I came across [this article](http://jayarava.blogspot.com/2010/12/general-theory-of-conditionality.html) by a long time contributor of this forum. In particular, the article mentioned a definition of paticca samuppada (PS) in [Nyanatiloka's Buddhist Dictionary](https://www.budsas.org/ebud/bud-dict/dic3_p.htm) > 'dependent origination', is the doctrine of the conditionality of all physical and psychical phenomena, The article proceeded to attempt to position this as a general theory explaining the basis for all phenomena. **Qn 1:** Is there anything inherently wrong with generalizing dependent origination or PS into a theory of conditionality? FYI, there is a [post regarding the appropriateness of treating PS](https://buddhism.stackexchange.com/questions/44729/difference-between-the-scientific-law-of-causality-and-the-buddhist-law-of-condi) as a law of conditionality. Note that in science, a law is a description of a phenomena (that is scientifically proven) while the article mentioned above is attempting for a general theory of conditionality i.e. to explain the why. (Although the article mentioned principle but I think we can forget it; I don’t think there is anyway to prove it scientifically).
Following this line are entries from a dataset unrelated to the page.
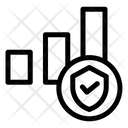 پیش‌نمایش فایل secure-growth از پک تحلیل داده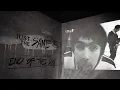 Download Lagu Oasis - Sad Song (Mauldeth Road West Demo, Nov '92) [Official Lyric Video]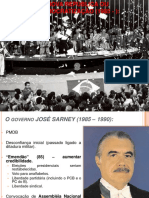 Redemocratizaao 130910193619 Phpapp01 PDF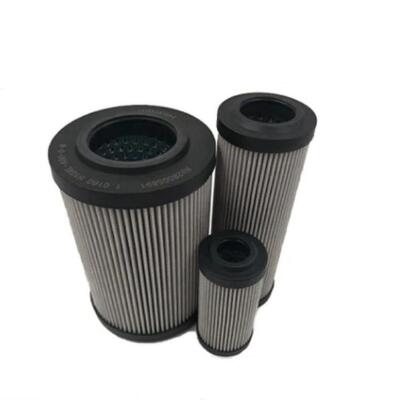 1.0160H10XL-A00-0-M R928005891工业机械液压油滤芯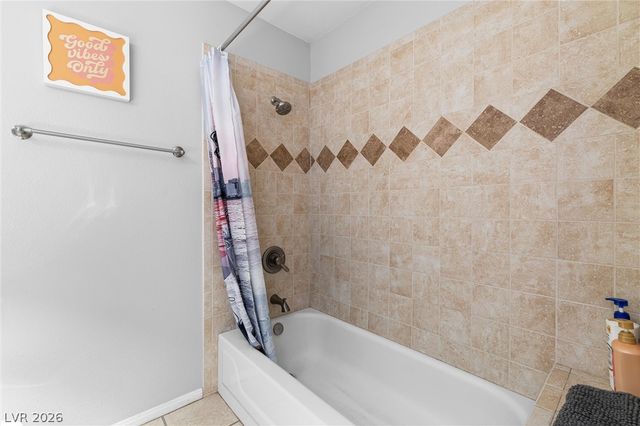 7724 Clearwood Avenue, Las Vegas, NV 89123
My question is not on the appropriateness as a law but instead as a general theory. Reason for my uncertainty is as follows: 1) PS was taught by the Buddha in the context of explaining the arising of suffering. 2) In general, physical phenomena have a certain range of possible outcomes. For example, a sapling may or may not grow into a tree or a forecasted rain may or may not occur. In fact, probability is the way to describe the quantum world. But the way PS is explained traditionally, *When this exists, that comes to be. With the arising of this, that arises* indicates a certainty in outcome, therefore: **Qn 2:** How can the certainty alluded in PS be reconciled with the probabilities in outcomes we see in reality? Personally, I am neither for nor against this generalization of PS into a theory of conditionality. Thanks for sharing of any insights.